Would you reproduce all of the entries below, character for character?

START THE DATA

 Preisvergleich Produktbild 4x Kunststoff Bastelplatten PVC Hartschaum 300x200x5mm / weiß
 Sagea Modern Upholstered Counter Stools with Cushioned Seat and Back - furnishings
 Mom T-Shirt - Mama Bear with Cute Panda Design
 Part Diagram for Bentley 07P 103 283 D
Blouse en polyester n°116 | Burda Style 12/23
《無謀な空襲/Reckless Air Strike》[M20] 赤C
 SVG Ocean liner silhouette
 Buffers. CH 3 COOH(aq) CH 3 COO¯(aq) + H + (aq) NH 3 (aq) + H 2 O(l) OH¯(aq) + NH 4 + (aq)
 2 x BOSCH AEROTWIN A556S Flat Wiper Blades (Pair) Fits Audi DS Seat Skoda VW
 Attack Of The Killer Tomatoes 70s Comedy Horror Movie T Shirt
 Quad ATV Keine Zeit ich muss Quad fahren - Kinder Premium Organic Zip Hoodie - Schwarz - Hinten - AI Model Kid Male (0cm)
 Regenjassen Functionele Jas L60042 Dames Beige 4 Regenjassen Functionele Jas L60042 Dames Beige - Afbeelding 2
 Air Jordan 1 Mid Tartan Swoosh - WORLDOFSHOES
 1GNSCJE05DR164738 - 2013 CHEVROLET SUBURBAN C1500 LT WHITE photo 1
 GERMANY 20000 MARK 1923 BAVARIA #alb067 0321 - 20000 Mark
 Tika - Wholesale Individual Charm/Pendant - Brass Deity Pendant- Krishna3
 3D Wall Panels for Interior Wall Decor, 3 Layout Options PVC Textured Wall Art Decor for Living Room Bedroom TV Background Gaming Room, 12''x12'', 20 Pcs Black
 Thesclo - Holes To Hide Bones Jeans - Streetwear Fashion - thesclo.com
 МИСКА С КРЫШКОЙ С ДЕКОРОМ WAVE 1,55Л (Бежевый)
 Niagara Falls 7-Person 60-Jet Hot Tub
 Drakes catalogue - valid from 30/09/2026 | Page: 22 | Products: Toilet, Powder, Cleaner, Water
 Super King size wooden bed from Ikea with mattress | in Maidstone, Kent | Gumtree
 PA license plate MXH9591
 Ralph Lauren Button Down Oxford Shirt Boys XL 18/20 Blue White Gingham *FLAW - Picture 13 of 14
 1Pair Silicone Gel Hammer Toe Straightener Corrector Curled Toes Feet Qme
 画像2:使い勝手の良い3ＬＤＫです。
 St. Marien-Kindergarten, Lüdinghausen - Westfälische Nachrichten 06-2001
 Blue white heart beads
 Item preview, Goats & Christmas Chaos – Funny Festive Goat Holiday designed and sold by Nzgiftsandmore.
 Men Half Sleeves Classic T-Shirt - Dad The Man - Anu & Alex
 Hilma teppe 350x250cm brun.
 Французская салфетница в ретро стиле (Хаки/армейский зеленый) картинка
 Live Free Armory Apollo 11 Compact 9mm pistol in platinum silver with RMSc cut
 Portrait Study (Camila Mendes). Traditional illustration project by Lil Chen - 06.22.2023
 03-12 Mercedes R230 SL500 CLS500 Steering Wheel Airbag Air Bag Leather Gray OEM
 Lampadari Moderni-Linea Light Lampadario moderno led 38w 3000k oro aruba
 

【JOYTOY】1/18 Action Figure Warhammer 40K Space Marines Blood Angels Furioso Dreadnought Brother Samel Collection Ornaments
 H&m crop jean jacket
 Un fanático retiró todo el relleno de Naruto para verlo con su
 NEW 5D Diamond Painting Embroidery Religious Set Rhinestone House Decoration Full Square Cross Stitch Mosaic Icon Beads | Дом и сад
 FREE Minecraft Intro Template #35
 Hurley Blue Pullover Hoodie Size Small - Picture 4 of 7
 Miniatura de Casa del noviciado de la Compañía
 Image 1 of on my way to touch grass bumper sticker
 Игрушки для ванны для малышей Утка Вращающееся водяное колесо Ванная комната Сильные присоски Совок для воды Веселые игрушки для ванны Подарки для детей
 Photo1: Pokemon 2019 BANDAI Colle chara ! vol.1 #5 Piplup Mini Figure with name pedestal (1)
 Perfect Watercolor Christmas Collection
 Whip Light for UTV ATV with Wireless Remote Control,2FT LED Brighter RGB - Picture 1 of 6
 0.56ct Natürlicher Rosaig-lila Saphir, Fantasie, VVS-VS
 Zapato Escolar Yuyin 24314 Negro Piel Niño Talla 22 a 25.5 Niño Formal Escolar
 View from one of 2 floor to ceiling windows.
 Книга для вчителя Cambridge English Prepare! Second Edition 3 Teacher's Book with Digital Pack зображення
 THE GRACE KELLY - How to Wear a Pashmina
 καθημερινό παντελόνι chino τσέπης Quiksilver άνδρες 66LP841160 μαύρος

END THE DATA

--- RESULT OF THE EXERCISE ---
 Preisvergleich Produktbild 4x Kunststoff Bastelplatten PVC Hartschaum 300x200x5mm / weiß
 Sagea Modern Upholstered Counter Stools with Cushioned Seat and Back - furnishings
 Mom T-Shirt - Mama Bear with Cute Panda Design
 Part Diagram for Bentley 07P 103 283 D
Blouse en polyester n°116 | Burda Style 12/23
《無謀な空襲/Reckless Air Strike》[M20] 赤C
 SVG Ocean liner silhouette
 Buffers. CH 3 COOH(aq) CH 3 COO¯(aq) + H + (aq) NH 3 (aq) + H 2 O(l) OH¯(aq) + NH 4 + (aq)
 2 x BOSCH AEROTWIN A556S Flat Wiper Blades (Pair) Fits Audi DS Seat Skoda VW
 Attack Of The Killer Tomatoes 70s Comedy Horror Movie T Shirt
 Quad ATV Keine Zeit ich muss Quad fahren - Kinder Premium Organic Zip Hoodie - Schwarz - Hinten - AI Model Kid Male (0cm)
 Regenjassen Functionele Jas L60042 Dames Beige 4 Regenjassen Functionele Jas L60042 Dames Beige - Afbeelding 2
 Air Jordan 1 Mid Tartan Swoosh - WORLDOFSHOES
 1GNSCJE05DR164738 - 2013 CHEVROLET SUBURBAN C1500 LT WHITE photo 1
 GERMANY 20000 MARK 1923 BAVARIA #alb067 0321 - 20000 Mark
 Tika - Wholesale Individual Charm/Pendant - Brass Deity Pendant- Krishna3
 3D Wall Panels for Interior Wall Decor, 3 Layout Options PVC Textured Wall Art Decor for Living Room Bedroom TV Background Gaming Room, 12''x12'', 20 Pcs Black
 Thesclo - Holes To Hide Bones Jeans - Streetwear Fashion - thesclo.com
 МИСКА С КРЫШКОЙ С ДЕКОРОМ WAVE 1,55Л (Бежевый)
 Niagara Falls 7-Person 60-Jet Hot Tub
 Drakes catalogue - valid from 30/09/2026 | Page: 22 | Products: Toilet, Powder, Cleaner, Water
 Super King size wooden bed from Ikea with mattress | in Maidstone, Kent | Gumtree
 PA license plate MXH9591
 Ralph Lauren Button Down Oxford Shirt Boys XL 18/20 Blue White Gingham *FLAW - Picture 13 of 14
 1Pair Silicone Gel Hammer Toe Straightener Corrector Curled Toes Feet Qme
 画像2:使い勝手の良い3ＬＤＫです。
 St. Marien-Kindergarten, Lüdinghausen - Westfälische Nachrichten 06-2001
 Blue white heart beads
 Item preview, Goats & Christmas Chaos – Funny Festive Goat Holiday designed and sold by Nzgiftsandmore.
 Men Half Sleeves Classic T-Shirt - Dad The Man - Anu & Alex
 Hilma teppe 350x250cm brun.
 Французская салфетница в ретро стиле (Хаки/армейский зеленый) картинка
 Live Free Armory Apollo 11 Compact 9mm pistol in platinum silver with RMSc cut
 Portrait Study (Camila Mendes). Traditional illustration project by Lil Chen - 06.22.2023
 03-12 Mercedes R230 SL500 CLS500 Steering Wheel Airbag Air Bag Leather Gray OEM
 Lampadari Moderni-Linea Light Lampadario moderno led 38w 3000k oro aruba
 

【JOYTOY】1/18 Action Figure Warhammer 40K Space Marines Blood Angels Furioso Dreadnought Brother Samel Collection Ornaments
 H&m crop jean jacket
 Un fanático retiró todo el relleno de Naruto para verlo con su
 NEW 5D Diamond Painting Embroidery Religious Set Rhinestone House Decoration Full Square Cross Stitch Mosaic Icon Beads | Дом и сад
 FREE Minecraft Intro Template #35
 Hurley Blue Pullover Hoodie Size Small - Picture 4 of 7
 Miniatura de Casa del noviciado de la Compañía
 Image 1 of on my way to touch grass bumper sticker
 Игрушки для ванны для малышей Утка Вращающееся водяное колесо Ванная комната Сильные присоски Совок для воды Веселые игрушки для ванны Подарки для детей
 Photo1: Pokemon 2019 BANDAI Colle chara ! vol.1 #5 Piplup Mini Figure with name pedestal (1)
 Perfect Watercolor Christmas Collection
 Whip Light for UTV ATV with Wireless Remote Control,2FT LED Brighter RGB - Picture 1 of 6
 0.56ct Natürlicher Rosaig-lila Saphir, Fantasie, VVS-VS
 Zapato Escolar Yuyin 24314 Negro Piel Niño Talla 22 a 25.5 Niño Formal Escolar
 View from one of 2 floor to ceiling windows.
 Книга для вчителя Cambridge English Prepare! Second Edition 3 Teacher's Book with Digital Pack зображення
 THE GRACE KELLY - How to Wear a Pashmina
 καθημερινό παντελόνι chino τσέπης Quiksilver άνδρες 66LP841160 μαύρος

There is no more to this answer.